Sep 21, 2005 21:50
So, Mike and I have hung out twice since my last entry. First time came after I called him mainly because I am a wimp and was missing him. He asked me if I wanted to hang out, and I said sure. So he came to see me (his idea to come to Murray, which he HATES). We hung out for a few hours, and things seemed just....platonic. It wasn't awkward per se, but it was kind of weird, going from dating to...god knows what. We ended up making out, and would have done more, but I had a meeting to go to so none of that nonsense.
Then a few days later, I called him bored, and ended up going to his house.
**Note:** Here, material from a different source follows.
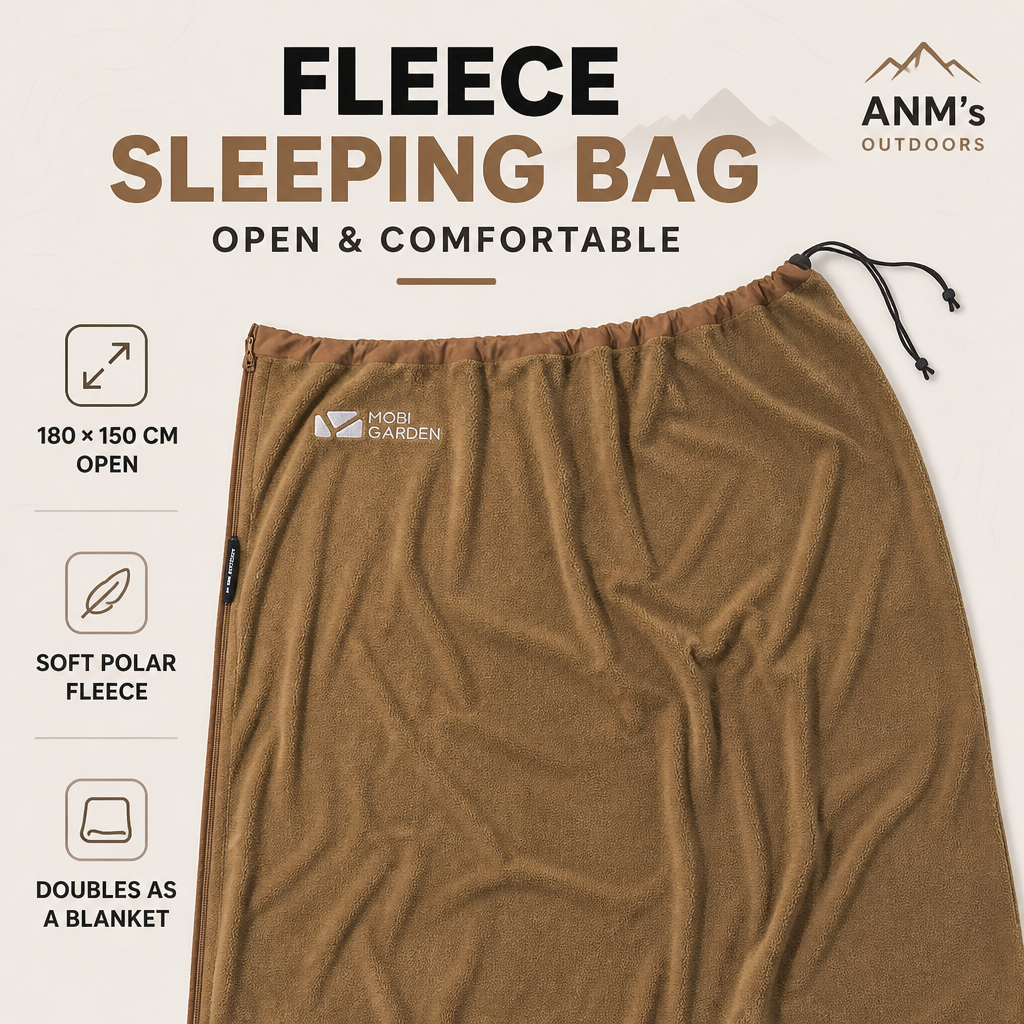 ANM's OUTDOORS fleece sleeping bag blanket information visual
Watched a movie, fell asleep (as usual) and then we ended up having sex. I was confused as hell by the end of all that nonsense, so I called him yesterday. Apparently we are on a break now...so we can see each other, talk on the phone, whatever, but he doesn't want anything physical. Wants to take things slow. Which is cool with me I guess. I'll just have to try and keep my overly-high sex drive in check I guess. I'm just afraid that when it's all said and done...he won't want to be with me anymore. I'm not seeing anyone else, because I am more than willing to wait for him. And I don't know how I would handle him deciding that I don't fit into his life and future goals. Just hope I'm not setting myself up for all that hurt all over again.
Haha, Christina told me the other day "WTF you guys were made for each other. You're both crazy and weird. One minute your screaming at each other, demanding to know who the hell that girl was he was just talking to...next minute you're all 'OMG I LOVE U LOL'". Never noticed that before, but ok. She's nuts...today she asked me when we were going to get married and start having babies. Yeah, she should know me better than that. My ass is booking it out the door the second marriage is mentioned. I'm getting better about my committment phobia. But I really don't want to be even thinking of engagement of any kind until I'm a senior, and marriage is off-limits till after I am out of college...which is two years away. And I can tell you now, I won't be getting married in two years. I need to be in a relationship for a lot longer than that before I am sure marriage is what I want.
And kids...ohhhhh god. IF I have kids, I will have them all before I am 30, and I will have no more than 3, preferably just 2. And they will all be close in age, because I said so. Haha, god, now I'm not saying Mike is the one that all of this shot would be happening with...lord, we only dated for 8 months before this break began, so yeah. Who knows? I may never get married. It takes a special kind of person to put up with my bullshit, and said person may not even exist.
On a more exciting note, my period is being an asshole. I got a little light spotting a few days ago, and then I had a little more today. And very VERY mild cramps. Not my normal period at all, and it's irritating me. I'm not a very paranoid person, so pregnancy hasn't really been a possibility in my mind, but Christina has her fingers crossed *rolls eyes*
Equestrian team business is going well...my coach seems to think I am doing a good job, and I'll find out soon if I got picked to go to the first show. Probably not, but hey, a girl can dream can't she?